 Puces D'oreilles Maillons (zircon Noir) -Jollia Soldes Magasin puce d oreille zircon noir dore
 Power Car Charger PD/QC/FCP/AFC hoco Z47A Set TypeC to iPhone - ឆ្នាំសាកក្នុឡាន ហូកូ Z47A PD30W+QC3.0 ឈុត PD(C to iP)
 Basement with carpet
========
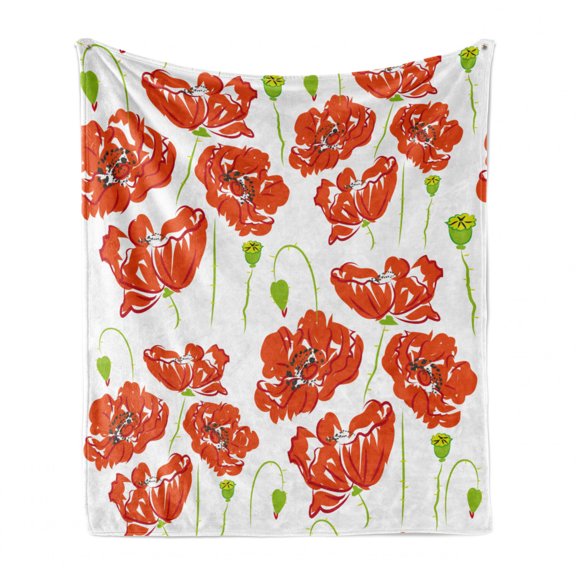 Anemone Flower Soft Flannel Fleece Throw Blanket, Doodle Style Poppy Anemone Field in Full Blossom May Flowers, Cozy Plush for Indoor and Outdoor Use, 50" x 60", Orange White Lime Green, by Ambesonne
========
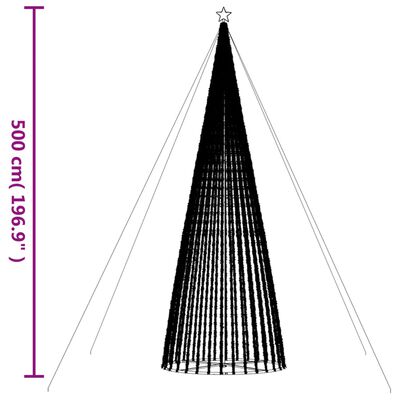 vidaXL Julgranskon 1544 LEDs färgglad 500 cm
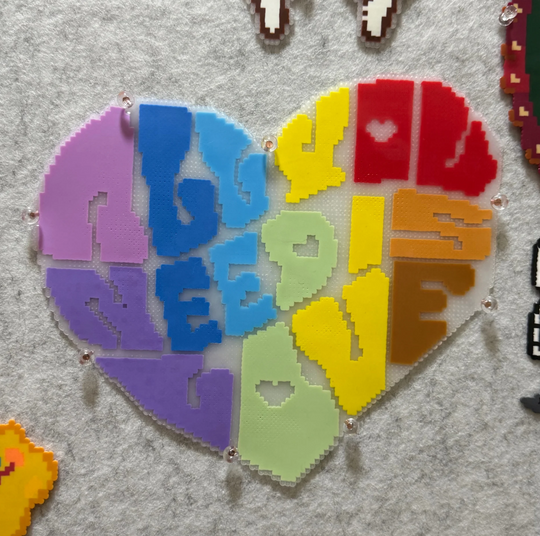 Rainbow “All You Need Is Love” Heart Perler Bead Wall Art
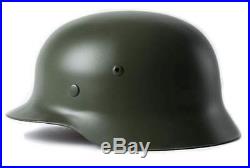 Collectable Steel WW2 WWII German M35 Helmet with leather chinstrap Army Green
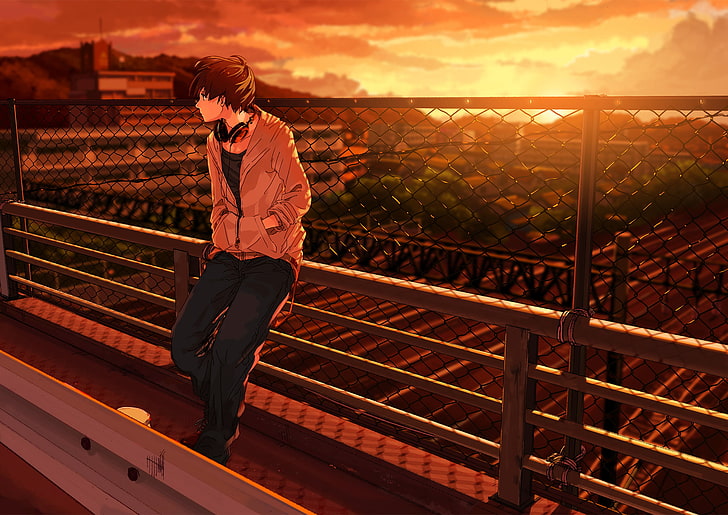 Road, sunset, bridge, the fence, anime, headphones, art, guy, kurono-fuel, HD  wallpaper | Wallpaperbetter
========
*WHAT YOU SHOULD DO*
Output only an exact transcription of the lines above from the one with "Puces D'oreilles Maillons" up to and including the one with "Basement with carpet".

*ANSWER AREA*
 Puces D'oreilles Maillons (zircon Noir) -Jollia Soldes Magasin puce d oreille zircon noir dore
 Power Car Charger PD/QC/FCP/AFC hoco Z47A Set TypeC to iPhone - ឆ្នាំសាកក្នុឡាន ហូកូ Z47A PD30W+QC3.0 ឈុត PD(C to iP)
 Basement with carpet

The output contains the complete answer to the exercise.